-------- Recorded information --------

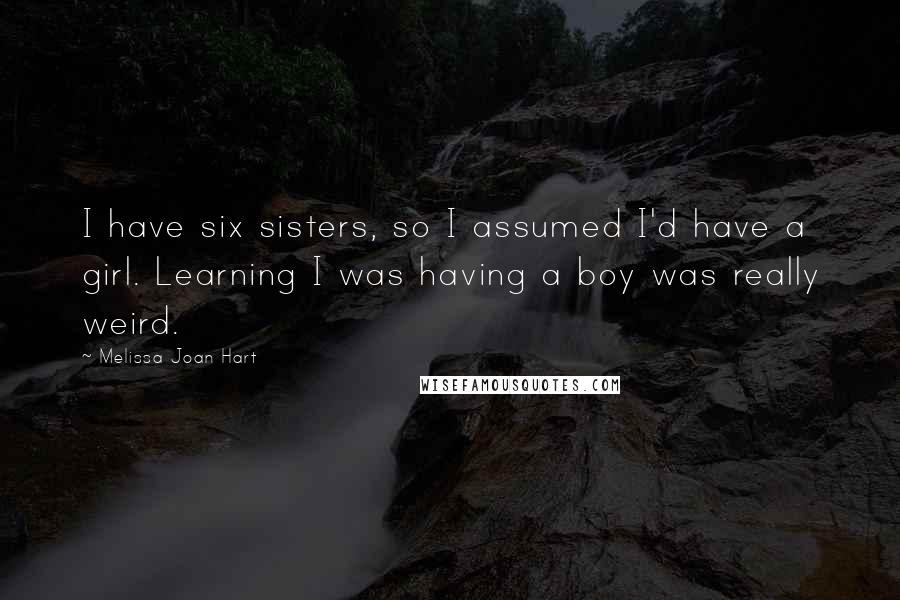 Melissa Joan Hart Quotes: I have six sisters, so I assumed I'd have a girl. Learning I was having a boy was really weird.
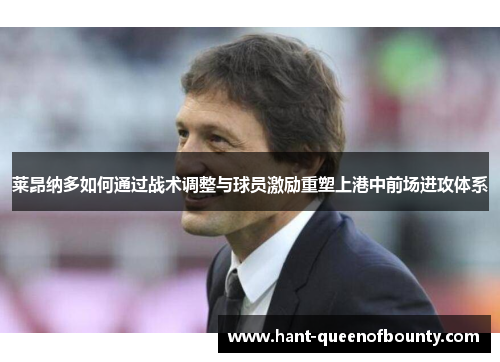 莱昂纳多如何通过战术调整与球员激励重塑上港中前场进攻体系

--------
-------- Recorded information --------

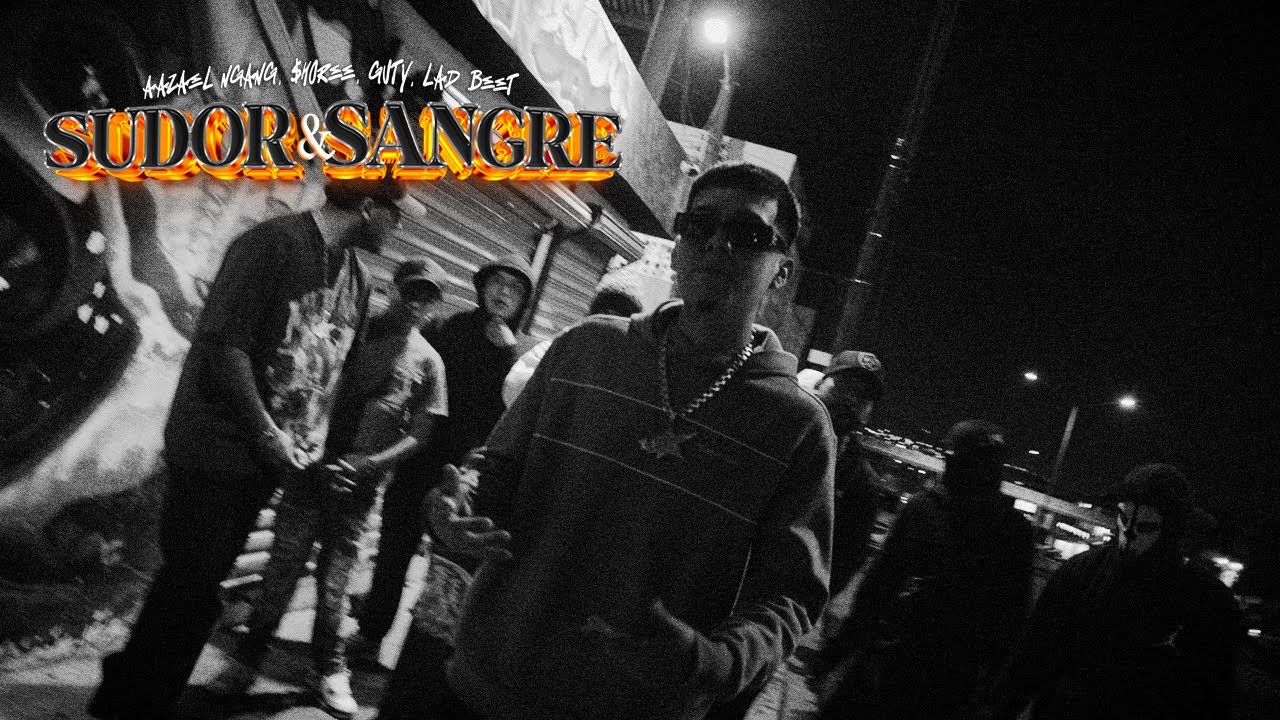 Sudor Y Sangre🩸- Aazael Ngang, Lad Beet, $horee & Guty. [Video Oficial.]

--------

Problem description:
Above are some records; extract exactly the lines from the one containing "Melissa Joan Hart" through the one containing "莱昂纳多如何通过战术调整与球员激励重塑上港中前场进攻体系" and drop the pictures.

Task result:
 Melissa Joan Hart Quotes: I have six sisters, so I assumed I'd have a girl. Learning I was having a boy was really weird.
 莱昂纳多如何通过战术调整与球员激励重塑上港中前场进攻体系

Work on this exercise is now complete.